Pandas version checks

  • [X] I have checked that this issue has not already been reported.

  • [X] I have confirmed this bug exists on the latest version of pandas.

  • [X] I have confirmed this bug exists on the main branch of pandas.

Reproducible Example

import pandas as pd
df = pd.DataFrame([['a',1.,2.],['b',3.,4.]])
df.loc[0,[1,2]].dtypes
df[[1,2]].loc[0].dtypes

Issue Description

df.loc[0,[1,2]] results in a Series of type dtype('O'), while df[[1,2]].loc[0] results in a Series of type dtype('float64').

Expected Behavior

I would expect df.loc[0,[1,2]] to be of type float64, same as df[[1,2]].loc[0]. The current behavior seems to encourage chaining instead of canonical referencing.

Installed Versions

INSTALLED VERSIONS ------------------ commit : 0691c5cf90477d3503834d983f69350f250a6ff7 python : 3.12.8 python-bits : 64 OS : Darwin OS-release : 23.6.0 Version : Darwin Kernel Version 23.6.0: Thu Sep 12 23:35:10 PDT 2024; root:xnu-10063.141.1.701.1~1/RELEASE_ARM64_T6030 machine : arm64 processor : arm byteorder : little LC_ALL : None LANG : en_US.UTF-8 LOCALE : en_US.UTF-8 pandas : 2.2.3 numpy : 1.26.4 pytz : 2024.1 dateutil : 2.9.0.post0 pip : 24.3.1 Cython : None sphinx : 8.1.3 IPython : None adbc-driver-postgresql: None adbc-driver-sqlite : None bs4 : 4.12.3 blosc : None bottleneck : 1.4.2 dataframe-api-compat : None fastparquet : None fsspec : 2024.12.0 html5lib : 1.1 hypothesis : None gcsfs : None jinja2 : 3.1.5 lxml.etree : 5.3.0 matplotlib : 3.10.0 numba : 0.60.0 numexpr : 2.10.2 odfpy : None openpyxl : 3.1.5 pandas_gbq : None psycopg2 : None pymysql : None pyarrow : 18.1.0 pyreadstat : None pytest : 8.3.4 python-calamine : None pyxlsb : None s3fs : 2024.12.0 scipy : 1.14.1 sqlalchemy : 2.0.36 tables : 3.10.1 tabulate : 0.9.0 xarray : 2024.11.0 xlrd : None xlsxwriter : None zstandard : 0.23.0 tzdata : 2024.2 qtpy : N/A pyqt5 : None

Comment From: rhshadrach

Thanks for the report. I'd hazard a guess that we are determining the dtype of the result prior to column selection. Further investigations are welcome!

Comment From: parthi-siva

take

Comment From: DarthKitten2130

take

Comment From: sanggon6107

Hi @parthi-siva and @DarthKitten2130 , Are you still working on this issue? I would like to work on this one if you don't mind.

Comment From: parthi-siva

Hi @sanggon6107 I'm still working on this..

Comment From: sanggon6107

Hi @sanggon6107 I'm still working on this..

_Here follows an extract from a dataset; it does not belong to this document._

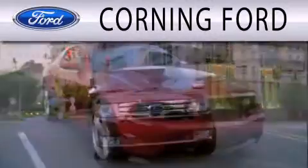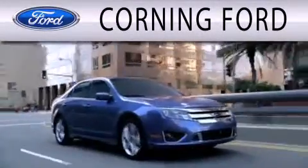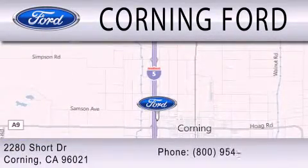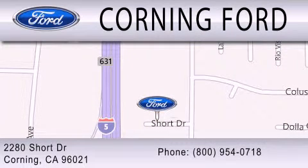Corning Ford is dedicated to doing everything possible to ensure that the experience you have selecting your next vehicle is as pleasant as possible. We're located at 2280 Short Drive in Corning. Get the best price the first time from our internet sales department and get one step closer to your next vehicle.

Well noted. Thanks for the quick reply.

Comment From: parthi-siva

for this input

df = pd.DataFrame([['a',1.,2.],['b',3.,4.]])
df.loc[0,[1,2]].dtypes

pandas.core.array_algos.take._take_preprocess_indexer_and_fill_value:131 (Here we get the data type for the resulting series. )

 dtype, fill_value, mask_info = _take_preprocess_indexer_and_fill_value(
        arr, indexer, fill_value, allow_fill
    )
arr = [a, 1, 2]
indexer = [1,2]

as we can see that arr contains string so the datatype returned will be object only.

Then we are creating empty numpy array using the dtype which will be of type object

pandas.core.array_algos.take._take_preprocess_indexer_and_fill_value:155

out = np.empty(out_shape, dtype=dtype) 

Then we do slice using cpython function

pandas.core.array_algos.take._take_preprocess_indexer_and_fill_value:160

func(arr, indexer, out, fill_value)

After the func(arr, indexer, out, fill_value) call, the out array is populated with the selected elements. However, the dtype of out will not match the dtype of the elements in arr.

I tried to add a step to check and adjust the dtype of out after the func call.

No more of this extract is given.